Extracted material
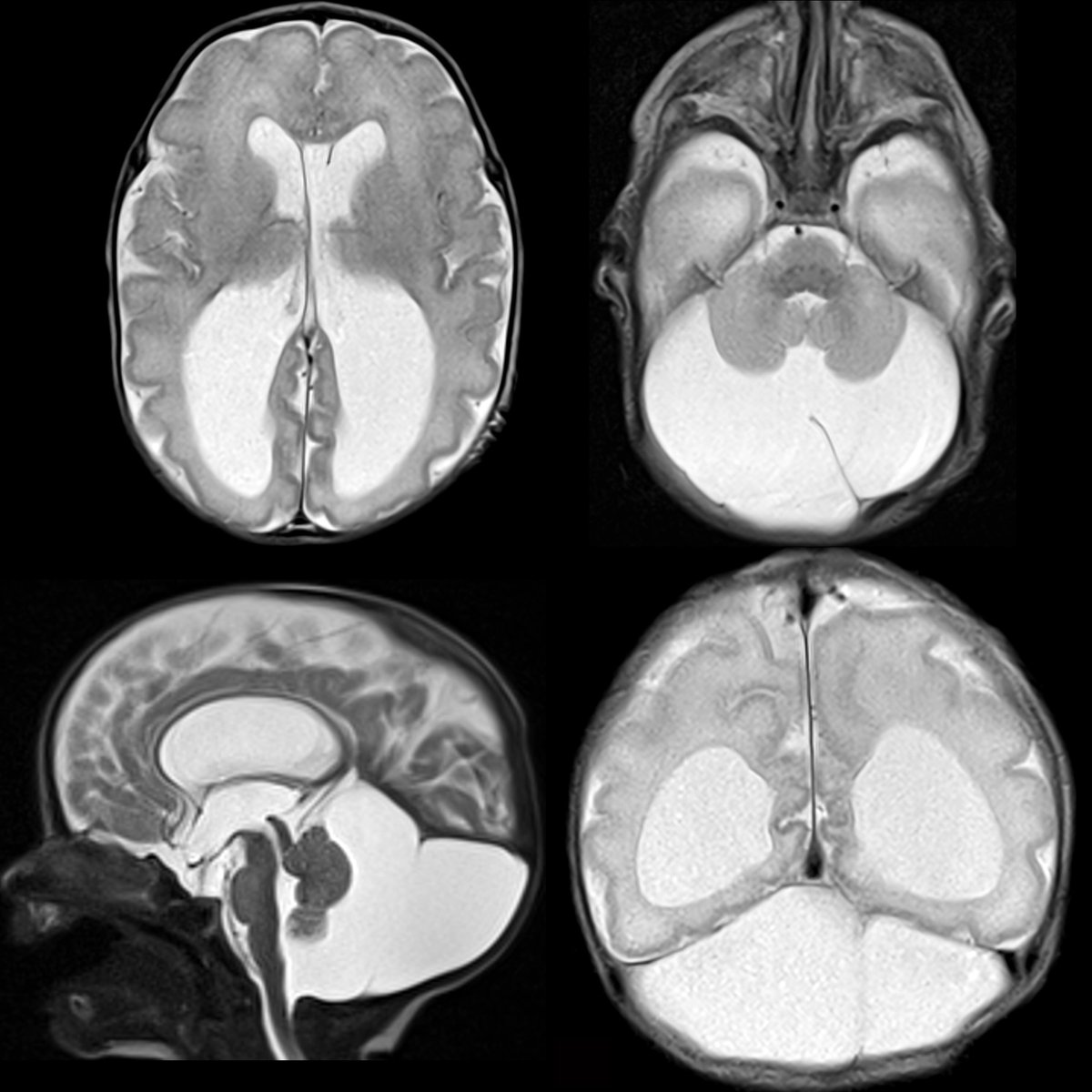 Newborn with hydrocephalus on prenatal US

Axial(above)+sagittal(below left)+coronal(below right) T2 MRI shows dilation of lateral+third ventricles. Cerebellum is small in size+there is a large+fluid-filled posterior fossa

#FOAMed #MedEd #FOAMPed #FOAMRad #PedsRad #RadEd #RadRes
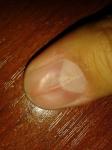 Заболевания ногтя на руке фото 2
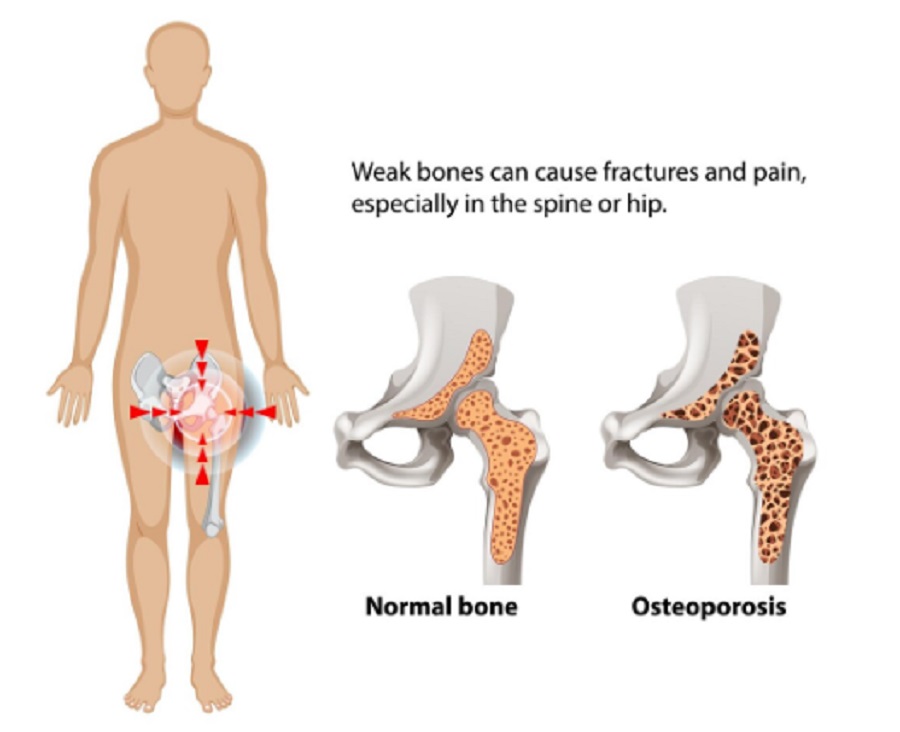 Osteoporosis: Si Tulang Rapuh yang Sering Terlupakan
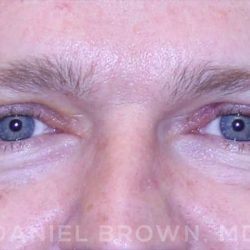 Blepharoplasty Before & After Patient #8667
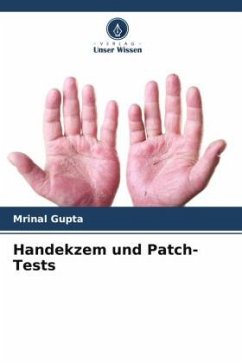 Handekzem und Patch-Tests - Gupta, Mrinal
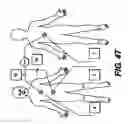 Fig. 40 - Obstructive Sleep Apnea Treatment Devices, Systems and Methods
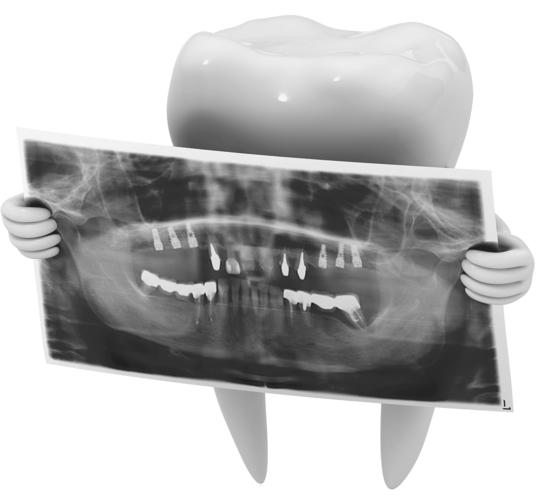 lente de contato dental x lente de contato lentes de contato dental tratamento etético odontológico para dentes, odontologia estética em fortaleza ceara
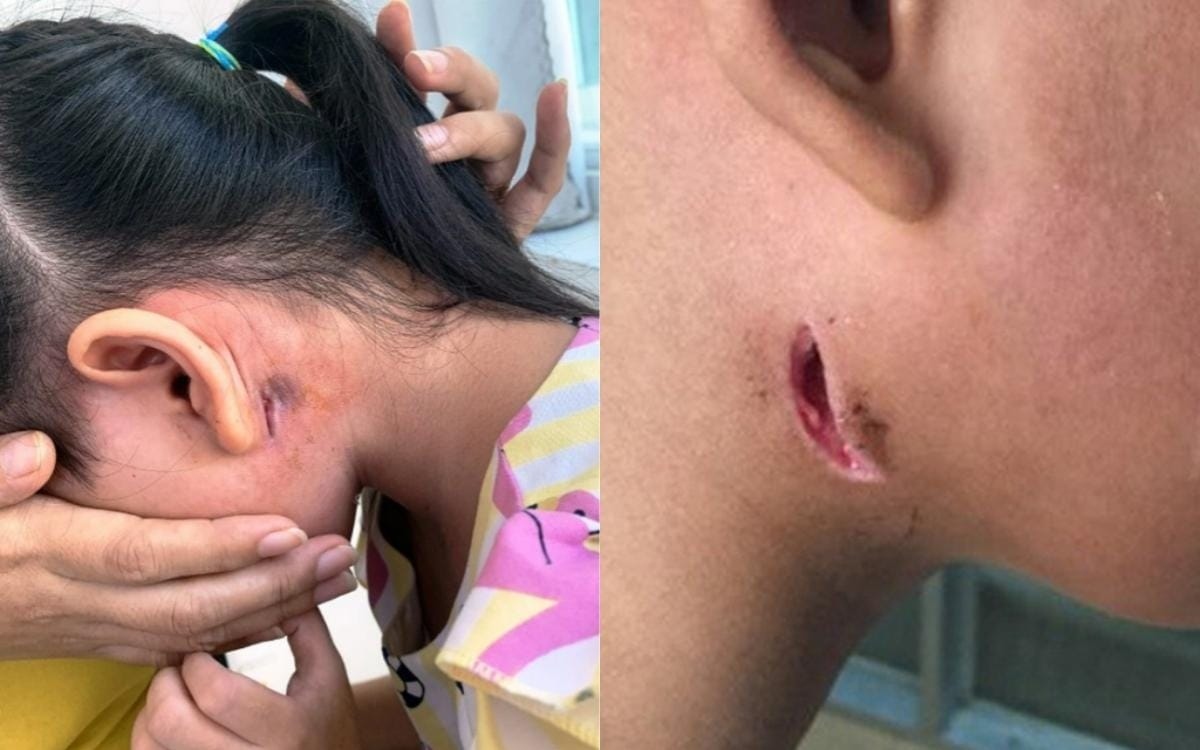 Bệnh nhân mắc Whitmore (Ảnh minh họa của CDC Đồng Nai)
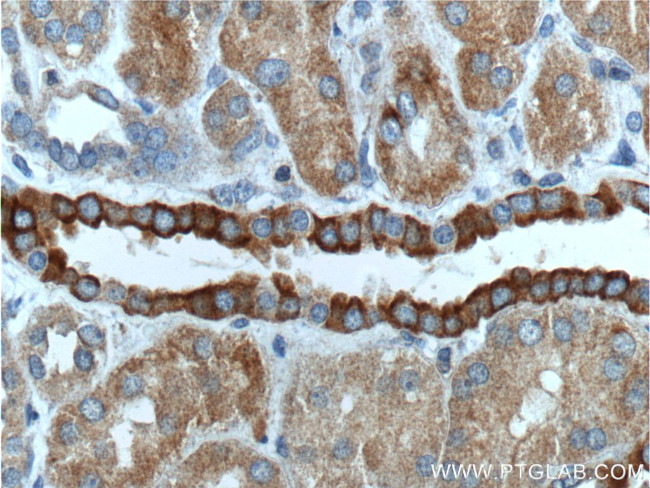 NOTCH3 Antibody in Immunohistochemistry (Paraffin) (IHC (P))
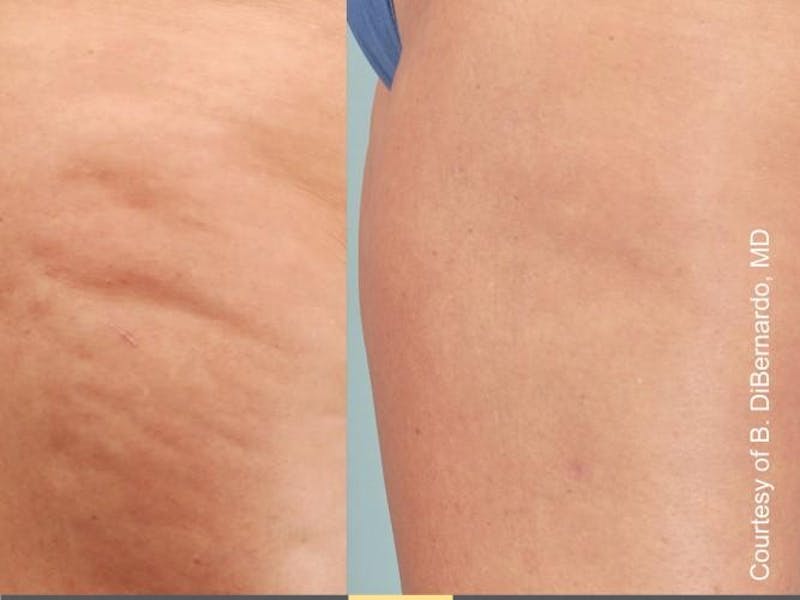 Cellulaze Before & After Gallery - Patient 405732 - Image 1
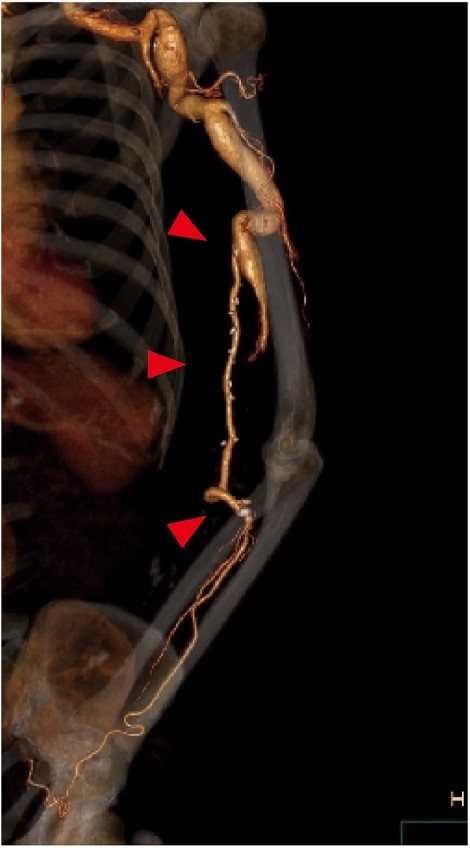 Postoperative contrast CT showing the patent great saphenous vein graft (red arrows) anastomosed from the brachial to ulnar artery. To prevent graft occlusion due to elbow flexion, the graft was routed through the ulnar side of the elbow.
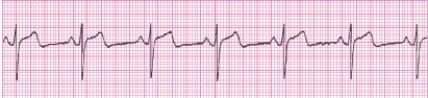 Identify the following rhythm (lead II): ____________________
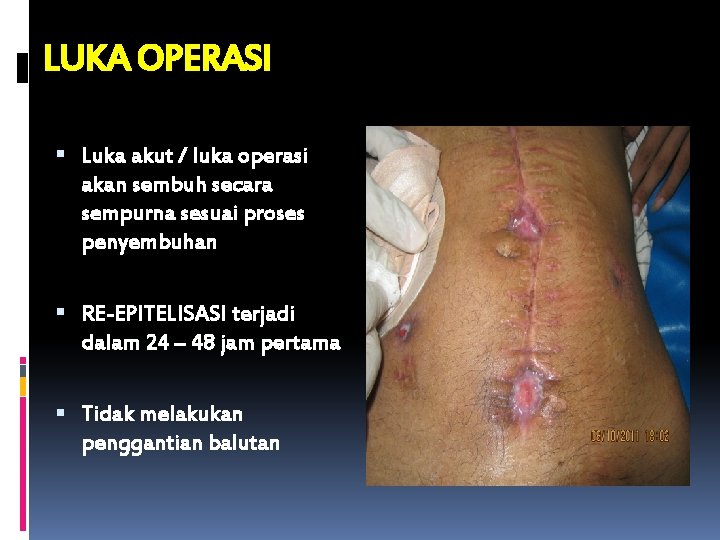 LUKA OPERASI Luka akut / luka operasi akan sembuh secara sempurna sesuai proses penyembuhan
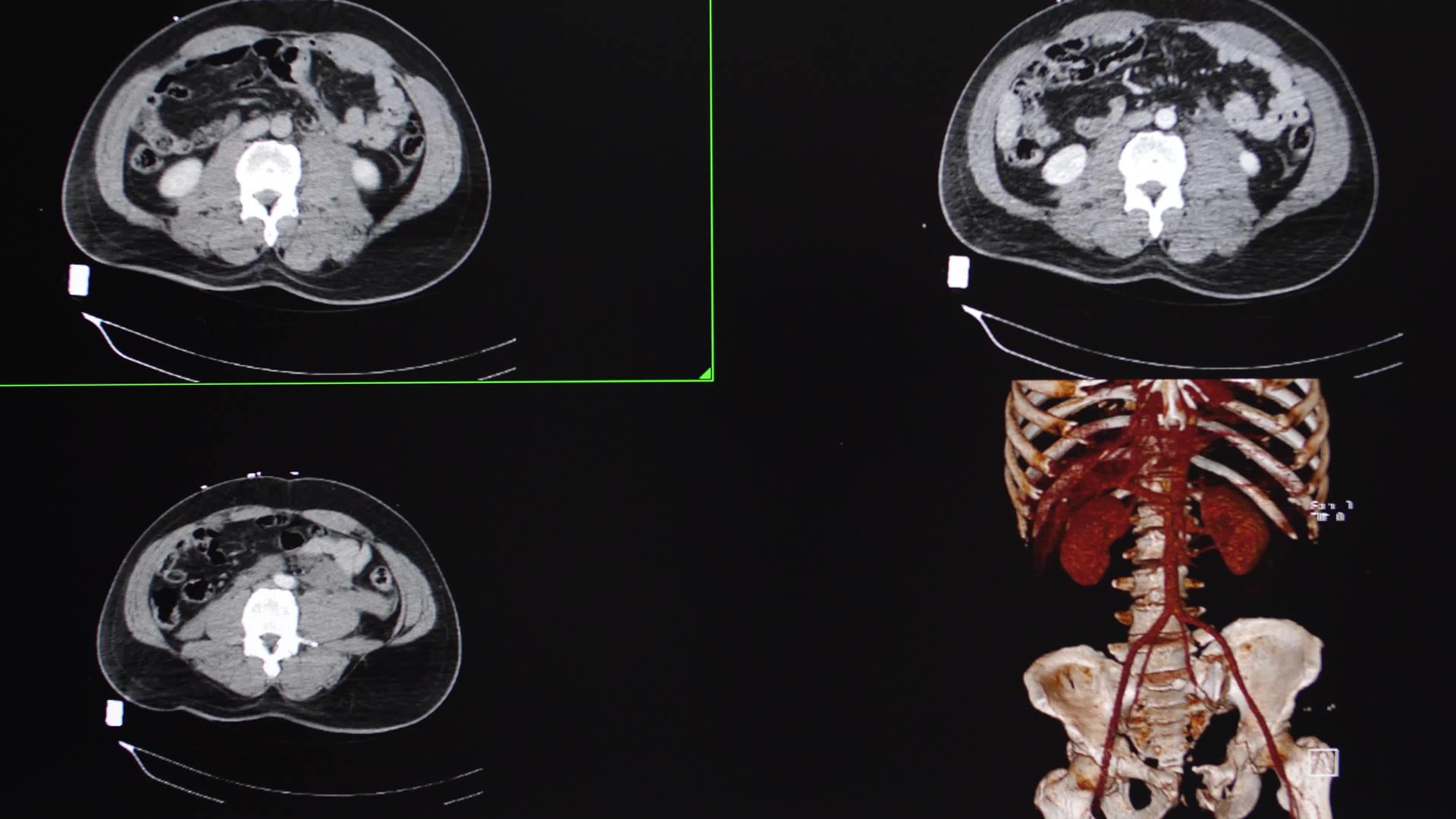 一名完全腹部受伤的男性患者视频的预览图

What the exercise asks
Only the lines starting at the one with "lente de contato dental" and ending at the one with "Bệnh nhân mắc" should be printed, each exactly as it appears in the material above; the pictures are to be omitted.

Solution to the problem
 lente de contato dental x lente de contato lentes de contato dental tratamento etético odontológico para dentes, odontologia estética em fortaleza ceara
 Bệnh nhân mắc Whitmore (Ảnh minh họa của CDC Đồng Nai)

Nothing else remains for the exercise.